OK, to be clear, I am specifically contending that a key fingerprint does not include collisions. My proof is empirical, that no one has come up with an attack on 64 bit PGP key fingerprints.
Collisions mean that an attacker can generate two or more messaging identities with the same fingerprint. How would that help them in some way?
Sorry that my, perhaps, poor wording caused you to waste your time producing colliding 64 bit PGP key IDs. I should have used the term "threat model". We were discussing how long key fingerprints should be. My point was that even though 64 bit key IDs are trivially collidable there did not seem to be any practical attacks based on that. So you in a sense provided support for my argument. :) So we can skip directly to your proposed attack...
I have to admit that I don't actually understand it. First the attacker gets some kernel devs to sign key1 of the two keys with colliding key IDs. Why? How does that help the attacker? Then I am guessing that the attacker signs some software with key1. Are the signatures important here? Then the attacker signs the malicious software with key2? Key2 isn't signed by any developers so if that was important the attack fails. If it wasn't important then why mention it?
Could you please provide a more detailed description of the attack? It seems to me that the sort of attack you are describing would require some trusted third party to trick. Like a TLS certifying authority for example.
Why so high? Computers are fast and massively parallel these days. If a cryptosystem fully relies on fingerprints, a second preimage of someone’s fingerprint where the attacker knows the private key for the second preimage (or it’s a cleverly corrupt key pair) catastrophically breaks security for the victim. Let’s make this astronomically unlikely even in the multiple potential victim case.
And it’s not like 256 bit hashes are expensive.
(I’m not holding my breath on fully quantum attacks using Grover’s algorithm, at high throughput, against billions of users, so we can probably wait a while before 256 bits feels uncomfortably short.)
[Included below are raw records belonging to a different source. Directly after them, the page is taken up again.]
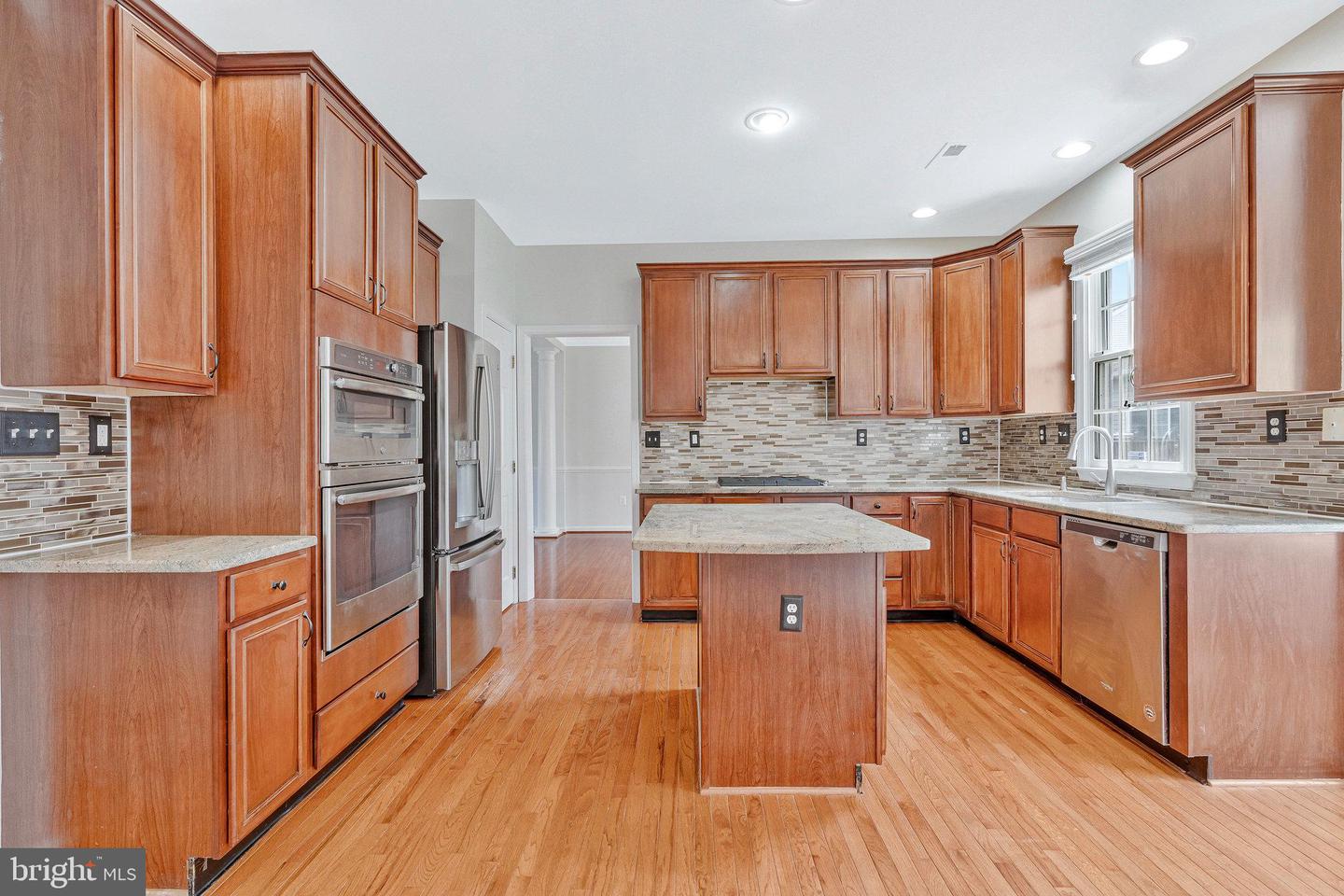 10857 HUNTER GATE WAY, RESTON, Virginia 20194, 5 Bedrooms Bedrooms, ,3 BathroomsBathrooms,Residential,For sale,10857 HUNTER GATE WAY,VAFX2252528 MLS # VAFX2252528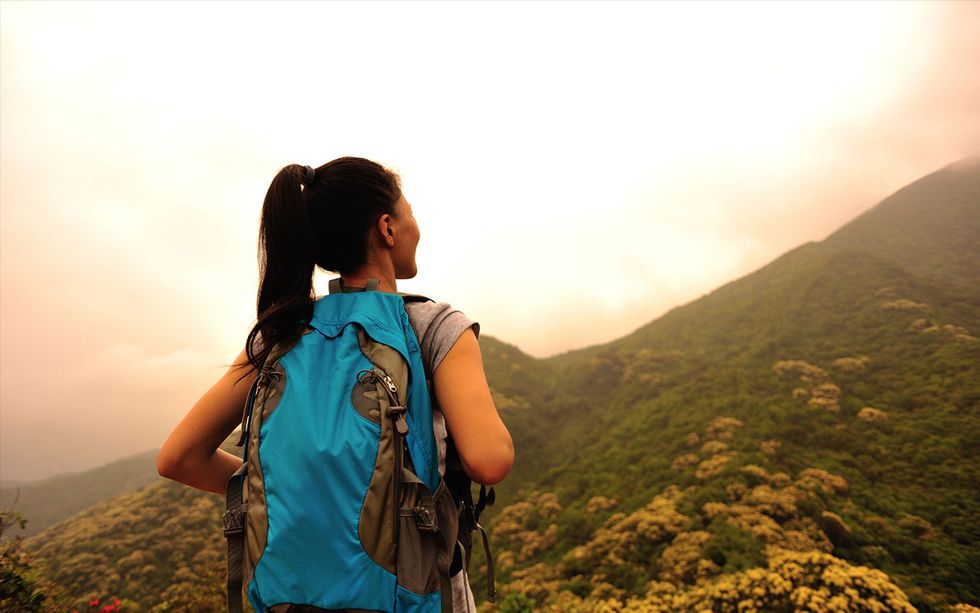 What Happens When A New Yorker Moves To Hawai'i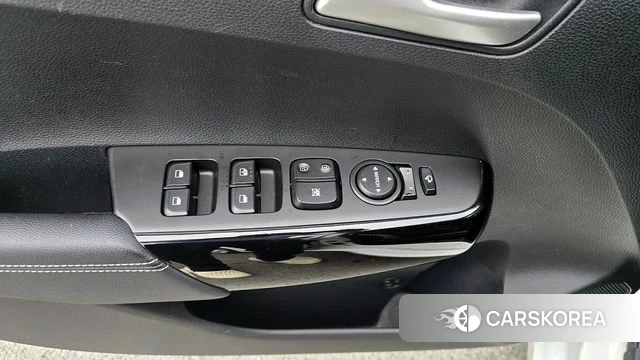 Kia Morning Urban (JA) id 4551073 из Кореи 16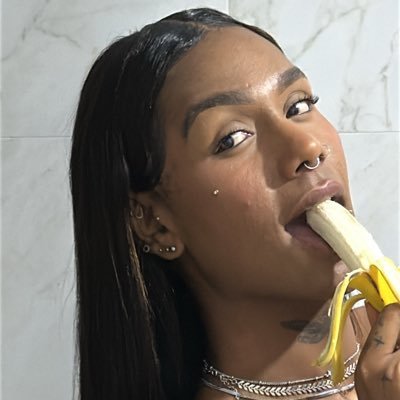 ✨ insta:@eum4ha video call/ conteúdo +18/ vendo pack• Seu libido é meu incentivo, e seu orgasmo é o meu principal objetivo! 🔥💦 dm liberada, sem foto sem papo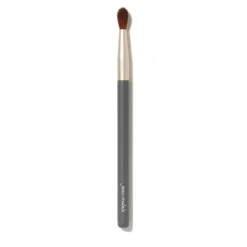 Best Detail Brush Makeupbørster
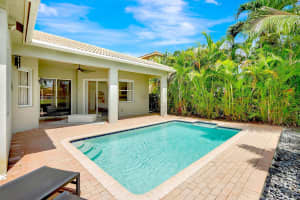 4422 Laurel Pl, Weston, FL 33332 - MLS#F10523057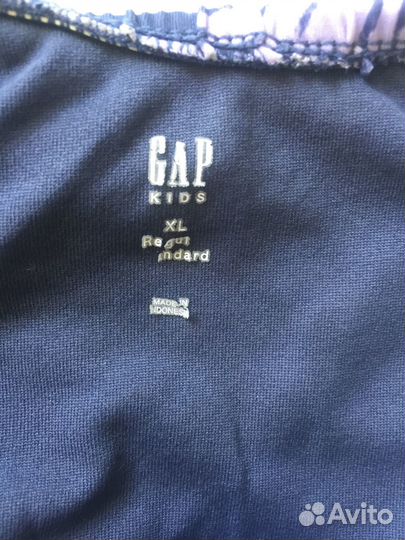 Купальник для девочки GAP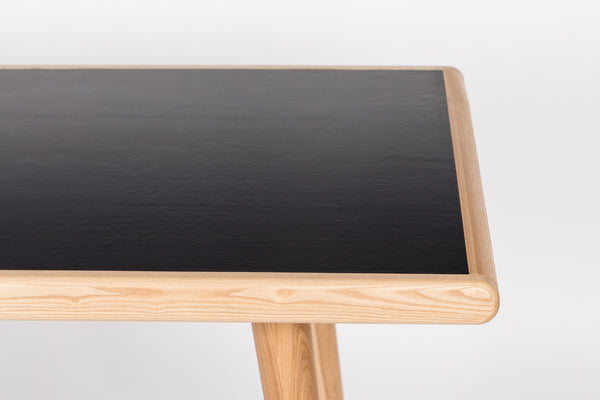 Bureau Barbier Naturel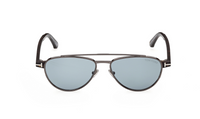 Tom Ford Anthony-02 FT1361 Sunglasses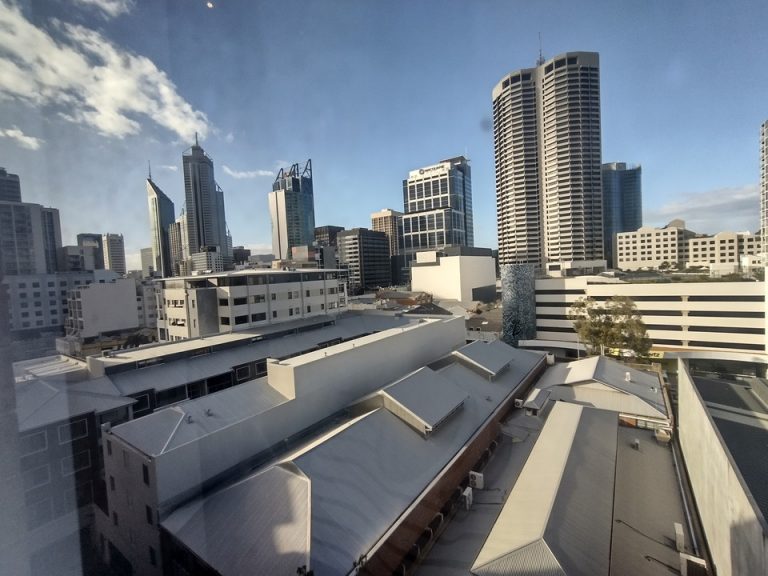 IMG_20211003_072323507_HDR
A key fingerprint is a usability feature. It has no other purpose. Otherwise we would just use the public key. Key fingerprints have to be kept as short as possible. So the question is, how short can that be? I would argue that 256 bit key fingerprints are not really usable.
Signal messenger is using 100 bits for their key fingerprint. They combine two to make a 60 digit decimal number. Increasing that to 256 x 2 bits would mean that they would end up with 154 decimal digits. That would be completely unusable.
I was asked about the minimum value, and gave my explanation for why some values could be considered the minimum. By all means, use 256-bit fingerprints.
But to the point, how long should something like a key fingerprint be?